For streams being delivered over multicast, the following rules apply:
- The media format configuration is identified by "profile-level- id", including the level part, and packetization-mode. These media format configuration parameters (including the level part of profile-level-id) MUST be used symmetrically; that is, the answerer MUST either maintain all configuration parameters or remove the media format (payload type) completely. Note that this implies that the level part of profile-level-id for Offer/Answer in multicast is not changeable.
To simplify the handling and matching of these configurations, the same RTP payload type number used in the offer SHOULD also be used in the answer, as specified in [8]. An answer MUST NOT contain a payload type number used in the offer unless the configuration is the same as in the offer.
-
Parameter sets received MUST be associated with the originating source and MUST only be used in decoding the incoming NAL unit stream from the same source.
-
The rules for other parameters are the same as above for unicast as long as the above rules are obeyed.

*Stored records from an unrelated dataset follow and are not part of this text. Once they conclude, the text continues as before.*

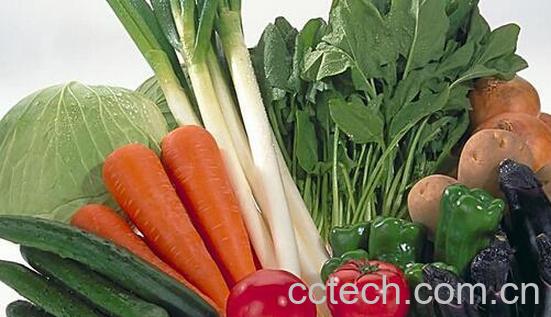 果蔬百科常见蔬菜的食用禁忌有哪些-0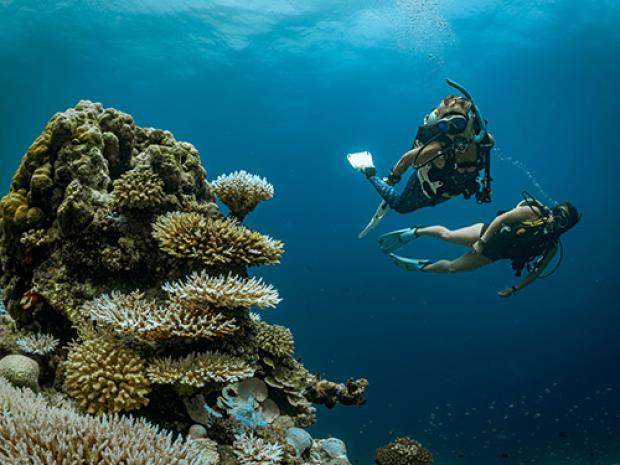 People surveying the ocean.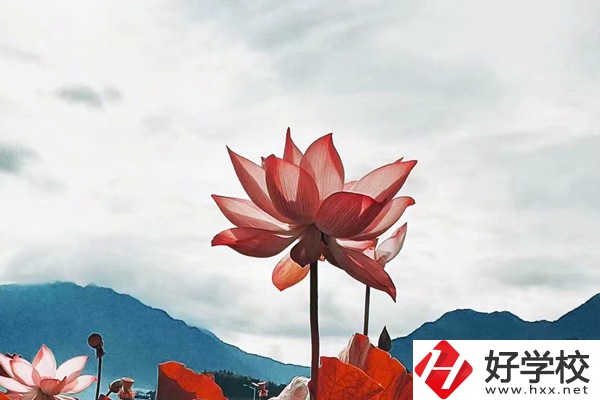 隆回華星職業(yè)技術(shù)學(xué)校有哪些專業(yè)？值得學(xué)生報(bào)考么？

Table 6 lists the interpretation of all the media type parameters that MUST be used for the different direction attributes.
Table 6. Interpretation of parameters for different direction attributes
sendonly --+ recvonly --+ | sendrecv --+ | | | | | profile-level-id C C P max-recv-level R R - packetization-mode C C P sprop-deint-buf-req P - P sprop-interleaving-depth P - P sprop-max-don-diff P - P sprop-init-buf-time P - P max-mbps R R - max-smbps R R - max-fs R R - max-cpb R R - max-dpb R R - max-br R R - redundant-pic-cap R R - deint-buf-cap R R - max-rcmd-nalu-size R R - sar-understood R R - sar-supported R R - in-band-parameter-sets R R - use-level-src-parameter-sets R R - level-asymmetry-allowed O - - sprop-parameter-sets S - S sprop-level-parameter-sets S - S
Legend:
C: configuration for sending and receiving streams O: offer/answer mode P: properties of the stream to be sent R: receiver capabilities S: out-of-band parameter sets -: not usable (when present, SHOULD be ignored)

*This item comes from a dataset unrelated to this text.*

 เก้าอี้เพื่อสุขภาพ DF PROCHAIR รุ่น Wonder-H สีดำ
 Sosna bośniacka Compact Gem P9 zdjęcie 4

Parameters used for declaring receiver capabilities are in general downgradable; that is, they express the upper limit for a sender's possible behavior. Thus, a sender MAY select to set its encoder using only lower/less or equal values of these parameters.
Parameters declaring a configuration point are not changeable, with the exception of the level part of the profile-level-id parameter for unicast usage.

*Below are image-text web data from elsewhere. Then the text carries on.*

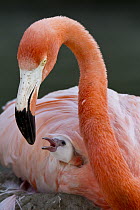 Greater Flamingo (Phoenicopterus ruber) with chick, native to Africa, Asia, and Europe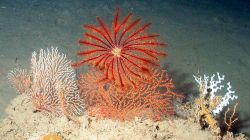 A red crinoid. Image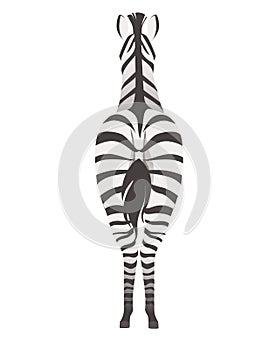 African zebra back view cartoon animal design flat vector illustration isolated on white background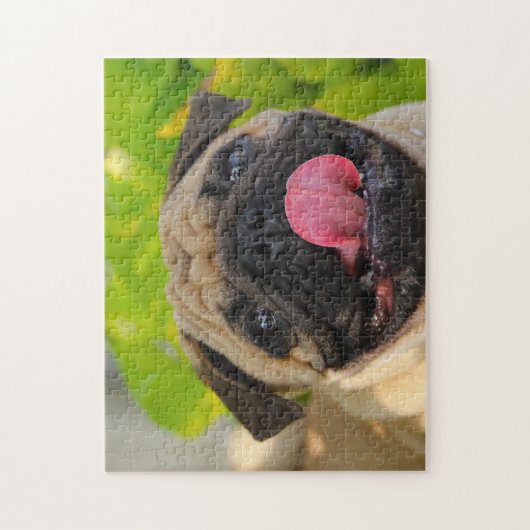 Pug Dogs. Legpuzzel (Verticaal)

When a sender's capabilities are declared and non-downgradable parameters are used in this declaration, these parameters express a configuration that is acceptable for the sender to receive streams. In order to achieve high interoperability levels, it is often advisable to offer multiple alternative configurations, e.g., for the packetization mode. It is impossible to offer multiple configurations in a single payload type. Thus, when multiple configuration offers are made, each offer requires its own RTP payload type associated with the offer.
A receiver SHOULD understand all media type parameters, even if it only supports a subset of the payload format's functionality. This ensures that a receiver is capable of understanding when an offer to receive media can be downgraded to what is supported by the receiver of the offer.
An answerer MAY extend the offer with additional media format configurations. However, to enable their usage, in most cases, a second offer is required from the offerer to provide the stream property parameters that the media sender will use. This also has the effect that the offerer has to be able to receive this media format configuration, not only to send it.
If an offerer wishes to have non-symmetric capabilities between sending and receiving, the offerer can allow asymmetric levels via level-asymmetry-allowed being equal to 1. Alternatively, the offerer could offer different RTP sessions, i.e., different media lines declared as "recvonly" and "sendonly", respectively. This may have further implications on the system and may require additional external semantics to associate the two media lines.